9. Deserting Its Casual Base
The Wii was a brilliant idea; a controller so easy and intuitive that it drew a slew of non-gamers into the world of videogames. Now, after having sold consoles to millions of non-gamers, Nintendo seems to be done with their converts, and is putting out a controller with the very collection of triggers and buttons that kept casual gamers from playing videogames pre-Wii. Sure, the Wii U still has the Wii’s remote and nunchuk, but there’s little talk of anyone designing for them, meaning there’s no reason for casual gamers to even consider upgrading to the new system. This leaves Nintendo in a fight with Sony and Microsoft for the very core gamers who consider the Wii beneath notice.
10. PS4/Vita Promises Similar Functionality
Want a multi-touchscreen HD controller for your HD console with two cameras and a rear touchpad? By letting PS4 owners use their handheld Vita as a controller, you can have just that. Yes, it is way more expensive, and so far not much has been done with the technology, but would probably be way more expensive, but it makes the Wii U just a little less competitive.

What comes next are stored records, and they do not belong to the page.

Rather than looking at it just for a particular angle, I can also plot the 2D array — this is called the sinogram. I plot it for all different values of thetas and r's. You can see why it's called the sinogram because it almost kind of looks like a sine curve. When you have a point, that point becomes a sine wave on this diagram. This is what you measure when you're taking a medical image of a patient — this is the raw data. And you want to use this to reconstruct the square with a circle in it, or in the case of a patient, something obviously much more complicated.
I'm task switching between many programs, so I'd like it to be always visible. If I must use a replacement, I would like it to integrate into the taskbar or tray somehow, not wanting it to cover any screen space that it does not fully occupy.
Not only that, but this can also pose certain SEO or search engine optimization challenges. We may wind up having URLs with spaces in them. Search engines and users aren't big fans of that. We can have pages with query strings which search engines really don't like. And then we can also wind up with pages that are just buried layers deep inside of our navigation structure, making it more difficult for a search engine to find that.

11. It's Too Expensive for What It Is
Sure, it's cheaper than the PS4 and Xbone, but the Wii U's price compares poorly with the last-gen consoles that equal it in power; right now you can get a PS3 with a 160 GB hard drive for $250 (add another $80 or so to add the Playstation Move) or a 4 GB Xbox 360 for $200 ($300 if you want Kinect). The Wii U is $300, with only 32GB of storage. This would be fine if the Wii U were a technological advance over the others, but for a console that's no more powerful than its aging competition, the price still seems high.

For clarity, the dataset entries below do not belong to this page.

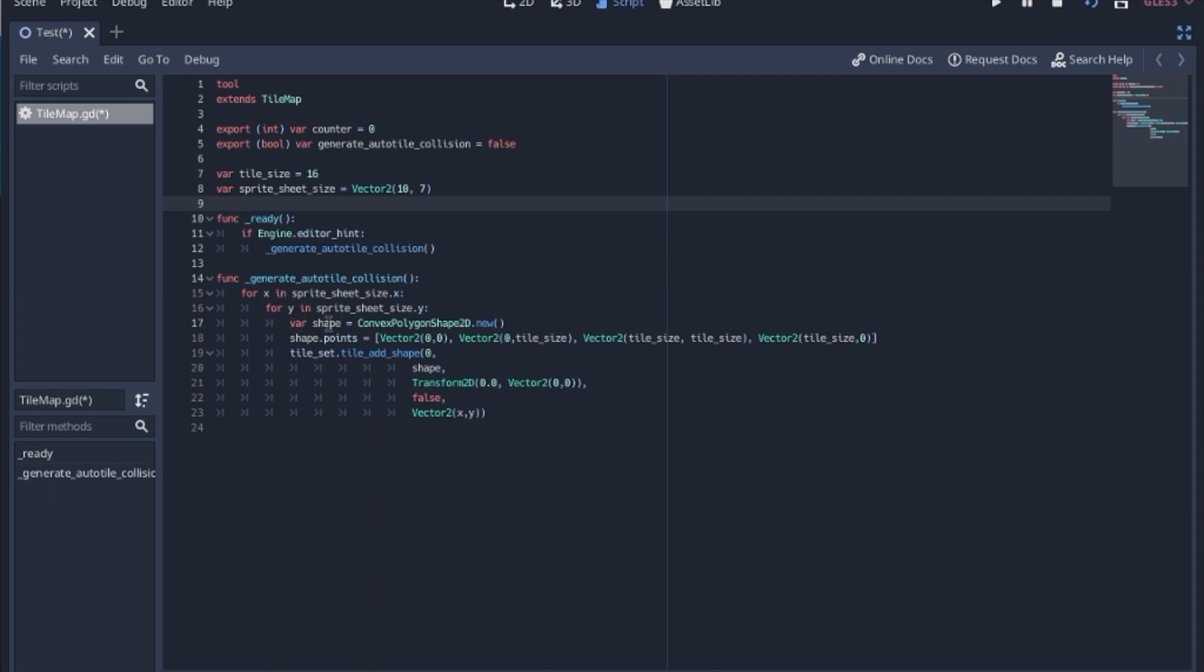And we will create a new polygon shape 2D. Don't forget the new. And we're going to set the points to go around in a square. Usually you would just click it and make it snap to the edges.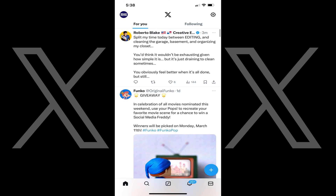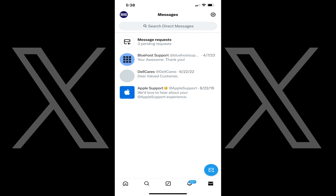Step 1: Open the X app on your mobile device. You'll land on your X home screen. Step 2: Tap the Messages icon in the row of icons along the bottom of the screen. Your X Messages screen opens.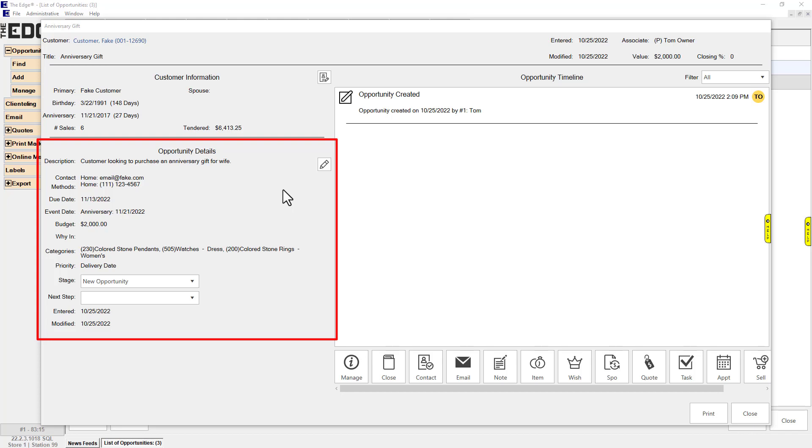Additionally, you can use the Stage drop-down to change the current stage, and you can use the Next Step drop-down to indicate what should be done next.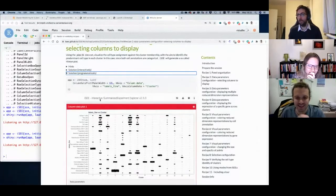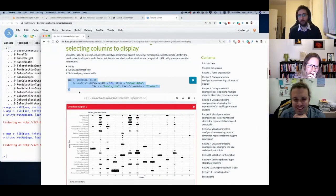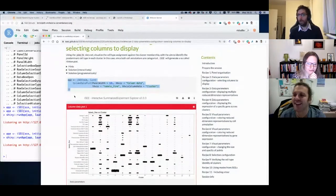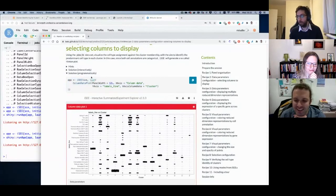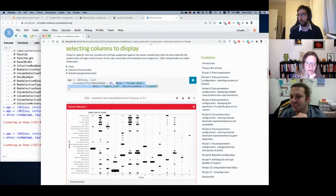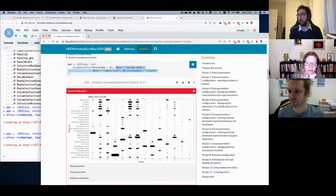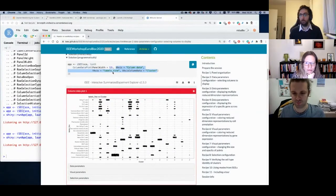The programmatic solution for Recipe 2: `iSEE(sce, initial=list(ColumnDataPlot(PanelWidth=12, XAxis='Column data', XAxisColumnData='cluster', YAxis='labels_fine')))`. Running that app opens directly with the cluster vs. cell-type Hinton plot already configured — saving you several clicks. Screenshots are automatically generated from the coded solution in the pkgdown vignette.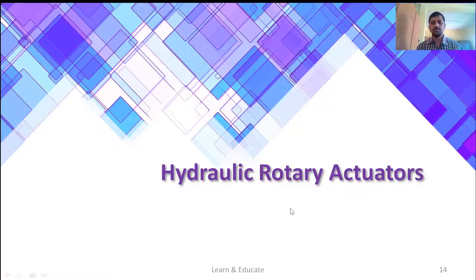Welcome back, dear students. We will continue our discussion on actuators. In the last class we have seen the hydraulic cylinders. Today we are going to see the hydraulic rotary actuators and hydraulic motors.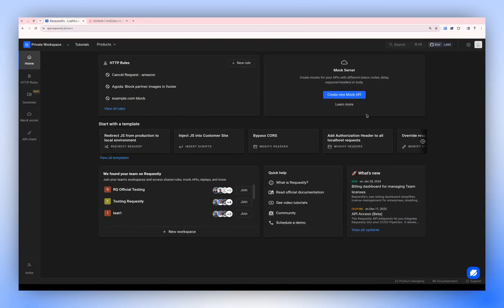Hello! This guide will walk you through the process of using the Modify Request Body rule, which allows you to modify your request body.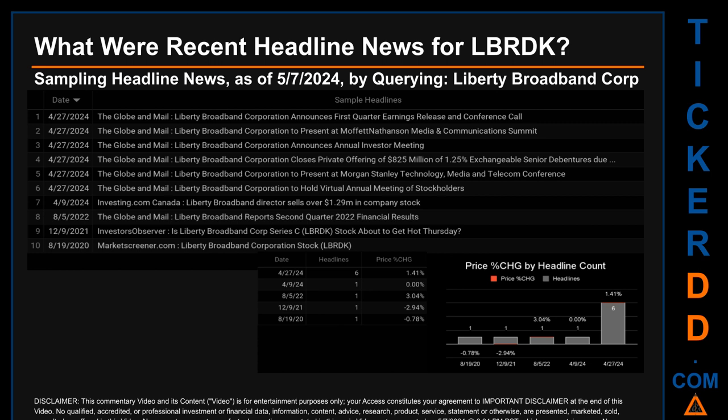The Globe and Mail also published headlines: Liberty Broadband Corporation to present at Morgan Stanley Technology, Media and Telecom Conference; and Liberty Broadband Corporation to hold virtual annual meeting of stockholders. The oldest publication was on Wednesday, August 19, 2020 — about three years, nine months, and 18 days ago — when Marketscreener.com published the headline Liberty Broadband Corporation stock, LBRDK. The latest publication date was the day with the most found headlines, which saw a price change of 1.41% after the ticker opened at $49.67 and closed at $50.37.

12. Nintendo Has Lost Their Mojo
One of the main arguments for the success of the Wii U is simply that Nintendo has proven previous naysayers wrong with the Wii, which industry analysts predicted would be a flash-in-the-pan, and the DS, which many saw as a gimmick there was no real need for. But the poor sales of the 3DS that resulted in a shocking $80 price cut suggest that Nintendo’s winning streak could be coming to a close. While the 3DS did rebound, the falter with which it began, and with which the Wii U began, suggests that Nintendo may be getting shakier in their grasp of the market.